- [Excerpted records]:
..........
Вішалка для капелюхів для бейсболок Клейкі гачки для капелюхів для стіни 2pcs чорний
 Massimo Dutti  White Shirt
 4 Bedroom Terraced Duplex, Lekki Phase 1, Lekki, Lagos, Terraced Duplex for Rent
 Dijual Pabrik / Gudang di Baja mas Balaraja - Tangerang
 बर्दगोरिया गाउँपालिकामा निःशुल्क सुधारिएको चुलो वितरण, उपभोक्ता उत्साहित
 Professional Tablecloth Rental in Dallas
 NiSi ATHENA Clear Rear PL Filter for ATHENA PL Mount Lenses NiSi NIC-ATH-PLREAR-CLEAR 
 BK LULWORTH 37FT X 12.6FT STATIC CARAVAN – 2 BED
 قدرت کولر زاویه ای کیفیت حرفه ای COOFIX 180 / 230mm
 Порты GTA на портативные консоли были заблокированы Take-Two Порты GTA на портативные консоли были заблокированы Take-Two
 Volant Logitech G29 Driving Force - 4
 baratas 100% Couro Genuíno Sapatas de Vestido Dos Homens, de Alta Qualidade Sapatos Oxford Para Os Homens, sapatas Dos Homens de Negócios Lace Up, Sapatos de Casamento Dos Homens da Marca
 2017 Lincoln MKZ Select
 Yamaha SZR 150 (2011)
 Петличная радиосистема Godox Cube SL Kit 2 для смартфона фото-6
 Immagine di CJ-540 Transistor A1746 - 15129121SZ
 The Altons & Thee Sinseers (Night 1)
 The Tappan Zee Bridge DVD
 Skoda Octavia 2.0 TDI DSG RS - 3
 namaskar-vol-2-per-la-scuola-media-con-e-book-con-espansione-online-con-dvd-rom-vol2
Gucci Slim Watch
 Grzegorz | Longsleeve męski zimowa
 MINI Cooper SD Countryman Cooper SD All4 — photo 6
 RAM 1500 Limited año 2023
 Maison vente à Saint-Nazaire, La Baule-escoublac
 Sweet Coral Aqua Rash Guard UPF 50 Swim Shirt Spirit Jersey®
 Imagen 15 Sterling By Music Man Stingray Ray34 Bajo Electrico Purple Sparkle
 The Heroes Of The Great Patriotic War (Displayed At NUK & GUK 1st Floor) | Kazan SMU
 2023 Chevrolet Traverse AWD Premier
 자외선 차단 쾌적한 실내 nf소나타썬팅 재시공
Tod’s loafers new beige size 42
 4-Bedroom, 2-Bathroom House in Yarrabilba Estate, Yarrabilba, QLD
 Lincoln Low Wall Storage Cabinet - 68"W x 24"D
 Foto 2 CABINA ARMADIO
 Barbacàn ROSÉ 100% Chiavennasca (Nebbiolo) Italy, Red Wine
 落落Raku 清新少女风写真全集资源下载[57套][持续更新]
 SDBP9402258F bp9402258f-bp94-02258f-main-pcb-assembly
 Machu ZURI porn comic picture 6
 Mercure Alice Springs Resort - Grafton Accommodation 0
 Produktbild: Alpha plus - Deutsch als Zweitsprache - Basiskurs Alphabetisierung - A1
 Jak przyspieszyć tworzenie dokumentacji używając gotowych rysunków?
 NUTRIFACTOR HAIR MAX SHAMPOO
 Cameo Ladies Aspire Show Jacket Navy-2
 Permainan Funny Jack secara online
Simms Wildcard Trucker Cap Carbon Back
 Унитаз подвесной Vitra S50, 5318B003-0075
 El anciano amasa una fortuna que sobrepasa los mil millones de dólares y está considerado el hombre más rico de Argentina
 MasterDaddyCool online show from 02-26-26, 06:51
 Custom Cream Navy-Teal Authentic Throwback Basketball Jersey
..........
Using the listing above, return word for word each line from the one that has "قدرت کولر زاویه" through the one that has "Maison vente à", and no line outside that range.

 قدرت کولر زاویه ای کیفیت حرفه ای COOFIX 180 / 230mm
 Порты GTA на портативные консоли были заблокированы Take-Two Порты GTA на портативные консоли были заблокированы Take-Two
 Volant Logitech G29 Driving Force - 4
 baratas 100% Couro Genuíno Sapatas de Vestido Dos Homens, de Alta Qualidade Sapatos Oxford Para Os Homens, sapatas Dos Homens de Negócios Lace Up, Sapatos de Casamento Dos Homens da Marca
 2017 Lincoln MKZ Select
 Yamaha SZR 150 (2011)
 Петличная радиосистема Godox Cube SL Kit 2 для смартфона фото-6
 Immagine di CJ-540 Transistor A1746 - 15129121SZ
 The Altons & Thee Sinseers (Night 1)
 The Tappan Zee Bridge DVD
 Skoda Octavia 2.0 TDI DSG RS - 3
 namaskar-vol-2-per-la-scuola-media-con-e-book-con-espansione-online-con-dvd-rom-vol2
Gucci Slim Watch
 Grzegorz | Longsleeve męski zimowa
 MINI Cooper SD Countryman Cooper SD All4 — photo 6
 RAM 1500 Limited año 2023
 Maison vente à Saint-Nazaire, La Baule-escoublac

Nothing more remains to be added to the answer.